Pumped hydro is exceedingly expensive (over 3x the capital cost of adiabatic CAES), remote from both supply and demand (requiring huge transmission lines) and flood two valleys. The number of acceptable potential locations that have not yet been used is very low, especially in the developed world. And hot countries have too-high evaporation and often too little water for pumped hydro to be practical.

Interconnectors

Interconnectors are the standard fall-back position of most grids, on the rash assumption that if renewables aren’t generating “here”, they are “there”. But the sun sets on half the world at a time, stopping all solar generation overnight. Weather patterns last for hours to weeks, often affecting all neighbouring grids, so the neighbours have no surplus to export – the French and Germans cite a regular weather pattern called the kalte Dunkelflaute (Cold Dark Doldrums). Therefore interconnectors cannot be relied upon, unless reliable storage of sufficient scale is contracted with at the other end, for example Germany or Denmark contracting exclusive use of Norwegian pumped hydro – which is not itself unlimited.

Ignorance

Ignorance is the final “alternative”. This is a blithe reliance on “the markets” to ensure that sufficient energy and other services are available.
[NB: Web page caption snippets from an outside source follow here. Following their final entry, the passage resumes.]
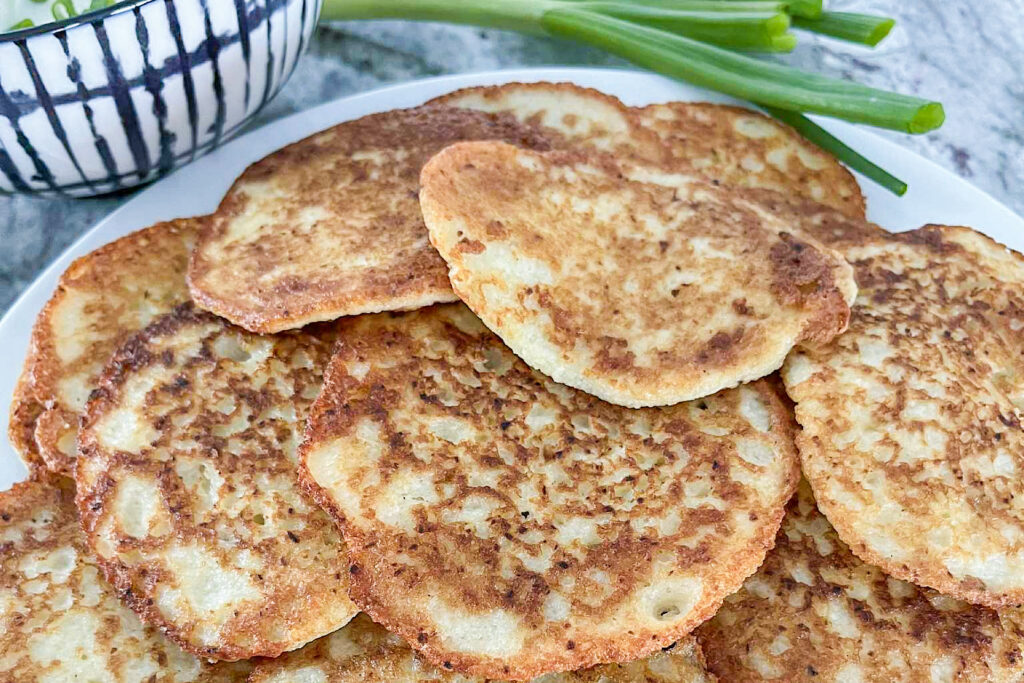 Fried crispy, tender Polish potato pancakes stack on a white plate. The plate is placed on a grey marble countertop. Beside the plate, on the left top side of the plate, is a small white serving bowl with black stripes filled with sour cream and topped with fresh green onions. Next to the bowl and plate is a bunch of fresh green onions.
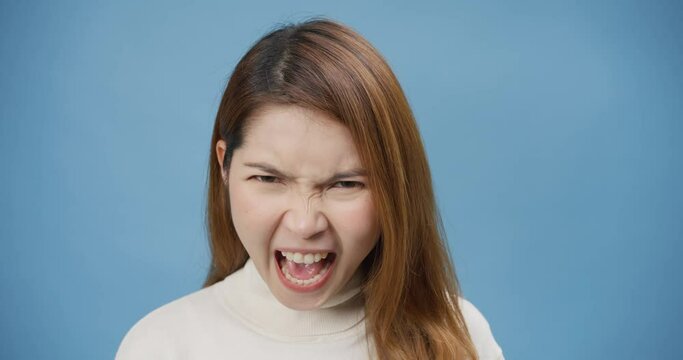 Portrait of a frustrated angry pensive Asia lady open mouth scream out loud isolated on the blue background. Crazy female bad mood argument shouting at boyfriend, Negative emotions and feeling.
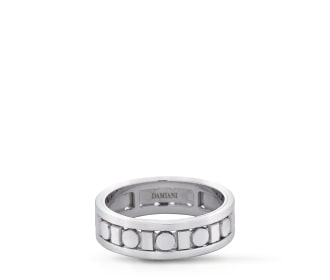 anillo plateado con detalles en forma de circulos, Alta joyería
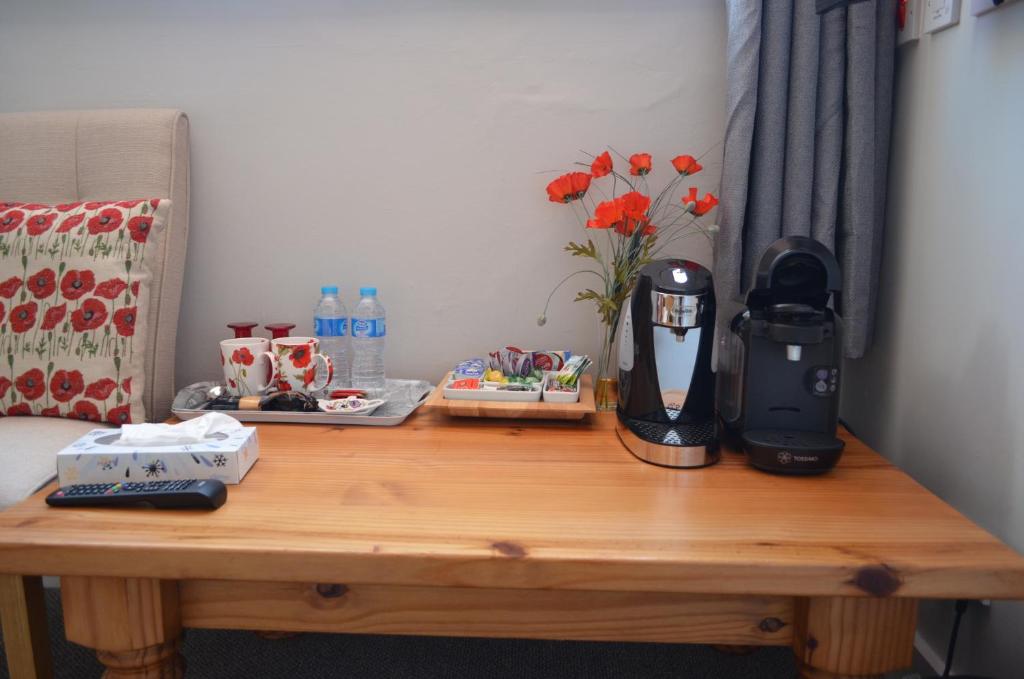 Příslušenství pro přípravu čaje a kávy v ubytování Foy House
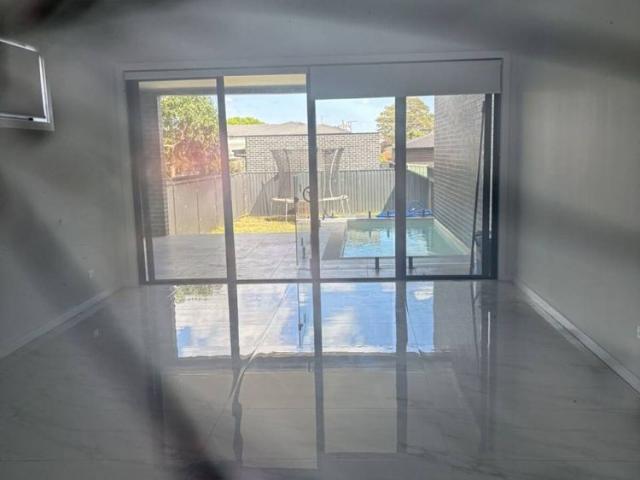 Huge near new porcelain tiled 6 bedroom mansion with pool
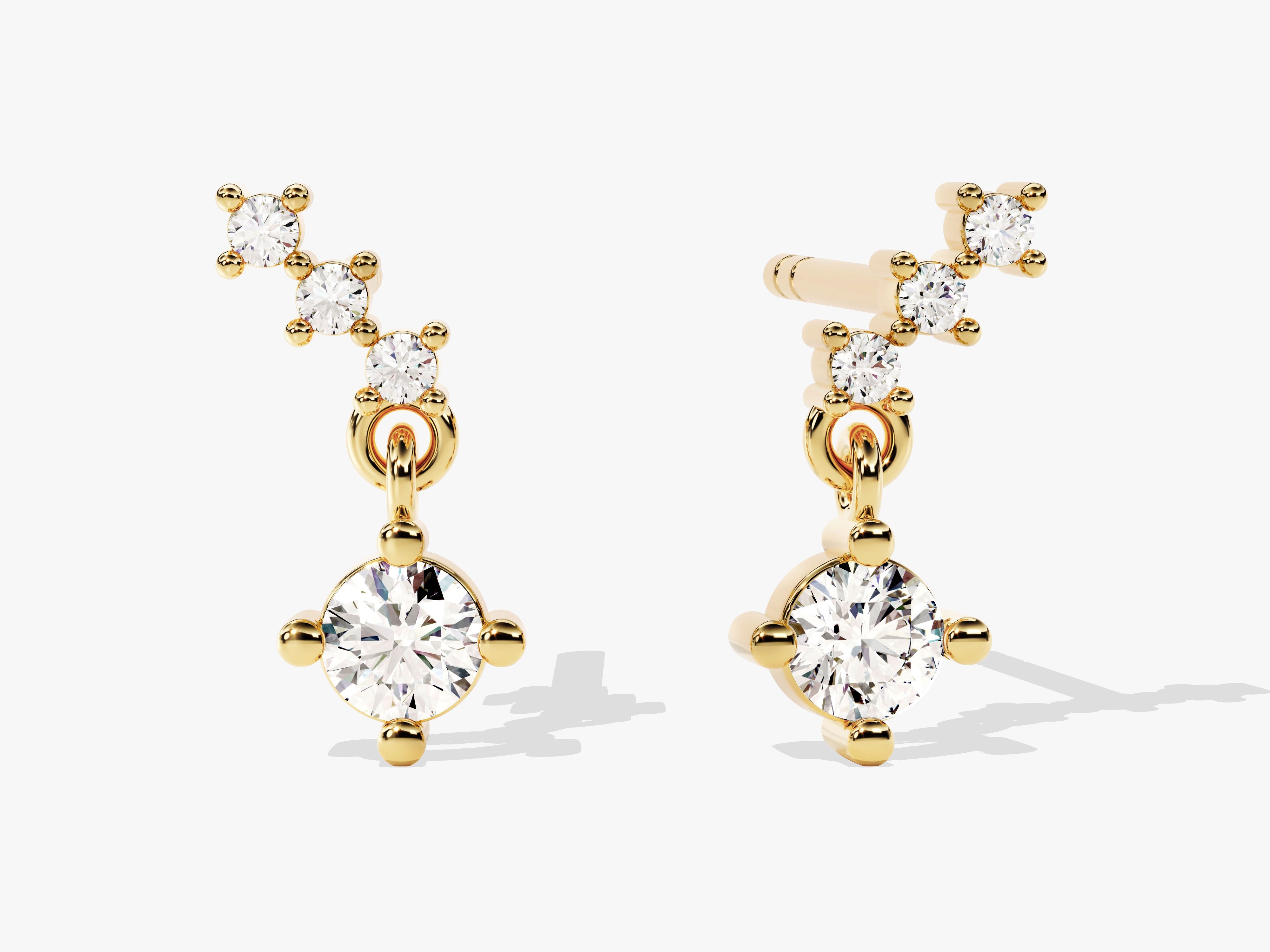 Gold diamond earrings with dangling solitaire gemstone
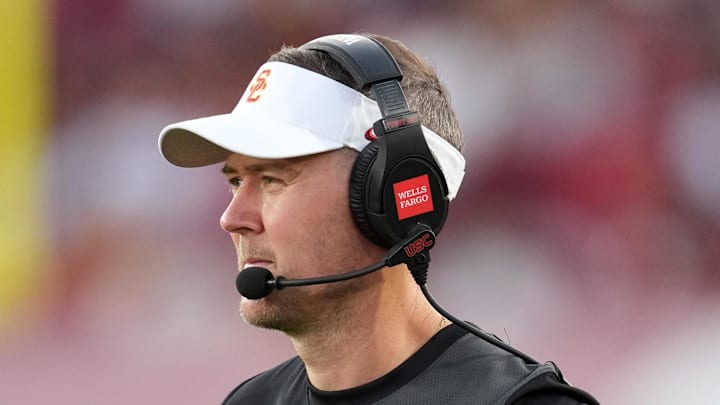 Aug 30, 2025; Los Angeles, California, USA; Southern California Trojans head coach Lincoln Riley watches from the sidelines against the Missouri State Bears in the first half at United Airlines Field at Los Angeles Memorial Coliseum. Mandatory Credit: Kirby Lee-Imagn Images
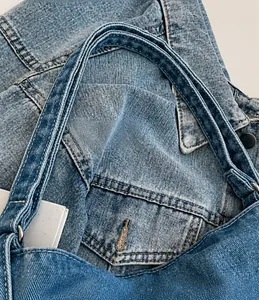 Dettaglio ravvicinato della tracolla larga in denim e fibbia in metallo su borsa lavata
It is this that powered the development of overt subsidies such as the Capacity Market in the UK (£1bn p.a. by 2017 without catalysing the construction of a single new power station) and covert subsidies such as the tremendous growth in total balancing and ancillary services in the UK (also £1bn p.a. by 2017 as compared with delivering very similar amounts of energy in 2010, without enhancing the energy supply), not to mention the hidden subsidies such as the under-pricing of pollution (carbon prices are nowhere near the $177-805/tonne (most likely $417) estimated cost of the total harm of emissions). Thus ignorance adds enormously to costs while failing to address the challenges.